# What are my options with kids being destructive



## Bermuda_Triangle (Sep 20, 2019)

Our neighborhood has seen a recent spike in vandalism to mailboxes and porches. It has escalated with kids spraying herbicide on lawns. I have video of the subjects but I am not sure the resolution is good enough to make identification possible.

I found an empty bottle of Gordon's Barrier Year-Long Vegetation Killer Concentrate near by so I am guessing that is what they sprayed on my yard. The lawn is Bermuda and currently dormant. Is there any way to find out what damage has been done now or for the future? The main ingredients in the product are: Imazapyr, isopropylamine salt, Glyphosate, isopropylamine salt. I am sure the Glyphosate will have no impact. I have not been able to find anything good searching the other ingredients with dormant lawn.

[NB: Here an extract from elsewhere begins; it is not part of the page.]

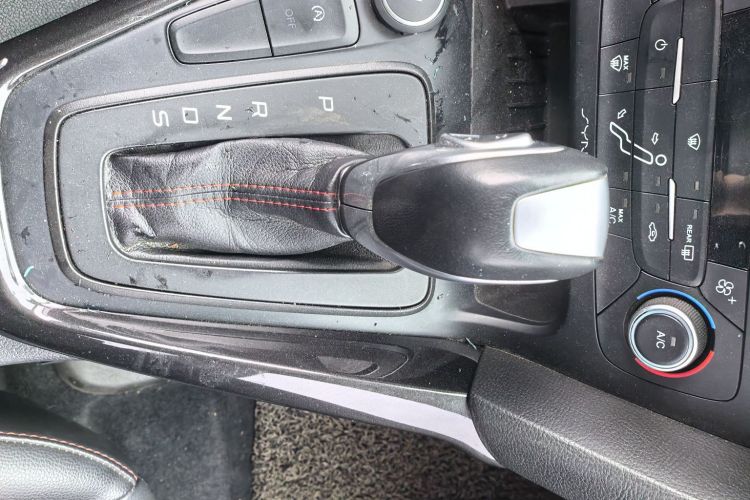 福特 福克斯 2017款 1.5T CTCC 白黑限量版局部细节18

I am a few miles north of Atlanta. We have had a good bit of rain over the last two weeks and we are scheduled to have showers over the next two days.


----------



## g-man (Jun 15, 2017)

@Bermuda_Triangle if I recall correctly, Imazapyr is a long term herbicide (Year long control). Depending on rate, it might make the soil bare for a while. I would try to apply activated carbon. If the area is not too large, you might be able to replace the soil and let the Bermuda fill in. @Greendoc any other ideas?

Regardless if you can Id the kids, I do think you should file a report with the police as a criminal act (vandalism). The video will get them to investigate and ask questions. It might scare them or the parents so it doesn't continue.


----------



## Greendoc (Mar 24, 2018)

g-man said:


> @Bermuda_Triangle if I recall correctly, Imazapyr is a long term herbicide (Year long control). Depending on rate, it might make the soil bare for a while. I would try to apply activated carbon. If the area is not too large, you might be able to replace the soil and let the Bermuda fill in. @Greendoc any other ideas?
> 
> Regardless if you can Id the kids, I do think you should file a report with the police as a criminal act (vandalism). The video will get them to investigate and ask questions. It might scare them or the parents so it doesn't continue.

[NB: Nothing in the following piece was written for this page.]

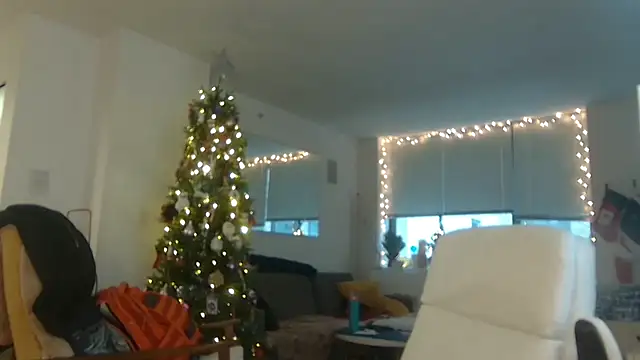 Snapshot of theblacklordmaster chatting on 12/20/24, 02:27 theblacklordmaster online show from 12/20/24, 02:27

Here's what I would do. Treat the ground affected and a perimeter around it with activated charcoal. You are looking at 20 lb per 1000 sq ft. What is in your favor is that Bermuda is more tolerant of Imazapyr vs other grasses. After the charcoal treatment, I would look for signs of Bermuda growing in from surrounding areas and not being adversely affected by the herbicide before attempting to plug or sprig it.


----------